ActNN : Activation Compressed Training

This is the official project repository for ActNN: Reducing Training Memory Footprint via 2-Bit Activation Compressed Training by Jianfei Chen*, Lianmin Zheng*, Zhewei Yao, Dequan Wang, Ion Stoica, Michael W. Mahoney, and Joseph E. Gonzalez.

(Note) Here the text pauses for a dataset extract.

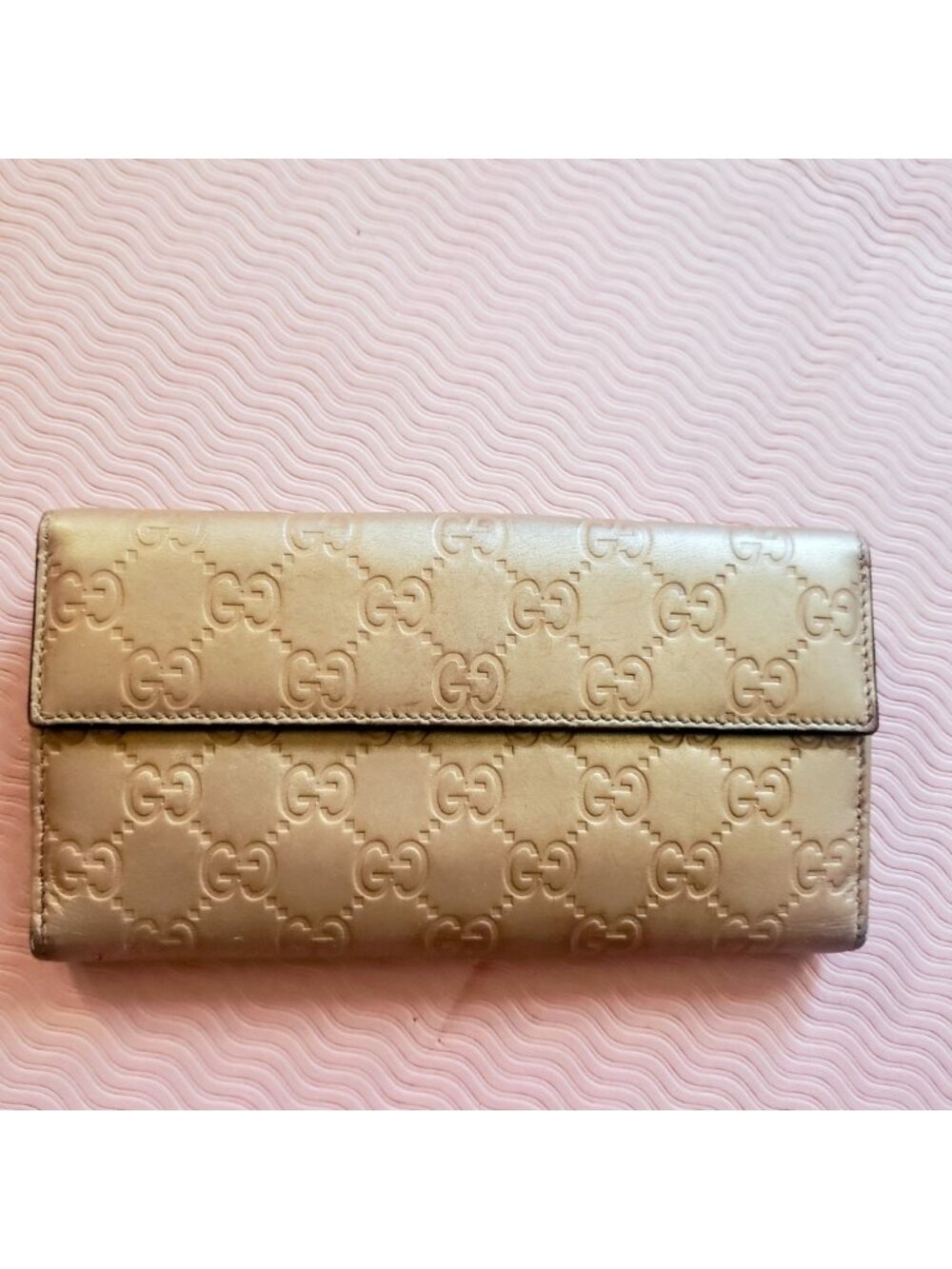 Gucci Guccissima Metallic Gold GG Leather Heart Snap Continental Long Wallet COA - Picture 2 of 16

TL; DR. ActNN is a PyTorch library for memory-efficient training. It reduces the training memory footprint by compressing the saved activations. ActNN is implemented as a collection of memory-saving layers. These layers have an identical interface to their PyTorch counterparts.

Abstract

The increasing size of neural network models has been critical for improvements in their accuracy, but device memory is not growing at the same rate. This creates fundamental challenges for training neural networks within limited memory environments. In this work, we propose ActNN, a memory-efficient training framework that stores randomly quantized activations for back propagation. We prove the convergence of ActNN for general network architectures, and we characterize the impact of quantization on the convergence via an exact expression for the gradient variance. Using our theory, we propose novel mixed-precision quantization strategies that exploit the activation's heterogeneity across feature dimensions, samples, and layers. These techniques can be readily applied to existing dynamic graph frameworks, such as PyTorch, simply by substituting the layers. We evaluate ActNN on mainstream computer vision models for classification, detection, and segmentation tasks. On all these tasks, ActNN compresses the activation to 2 bits on average, with negligible accuracy loss. ActNN reduces the memory footprint of the activation by 12×, and it enables training with a 6.6× to 14× larger batch size.

mem_speed_r50 Batch size vs. training throughput on ResNet-50. Red cross mark means out-of-memory. The shaded yellow region denotes the possible batch sizes with full precision training. ActNN achieves significantly larger maximum batch size over other state-of-the-art systems and displays a nontrivial trade-off curve.

Install

  • Requirements
torch>=1.7.1
torchvision>=0.8.2
  • Build
cd actnn
pip install -v -e .

Usage

mem_speed_benchmark/train.py is an example on using ActNN for models from torchvision.

Basic Usage

  • Step1: Configure the optimization level
    ActNN provides several optimization levels to control the trade-off between memory saving and computational overhead. You can set the optimization level by
import actnn
# available choices are ["L0", "L1", "L2", "L3", "L4", "L5"]
actnn.set_optimization_level("L3")

See set_optimization_level for more details.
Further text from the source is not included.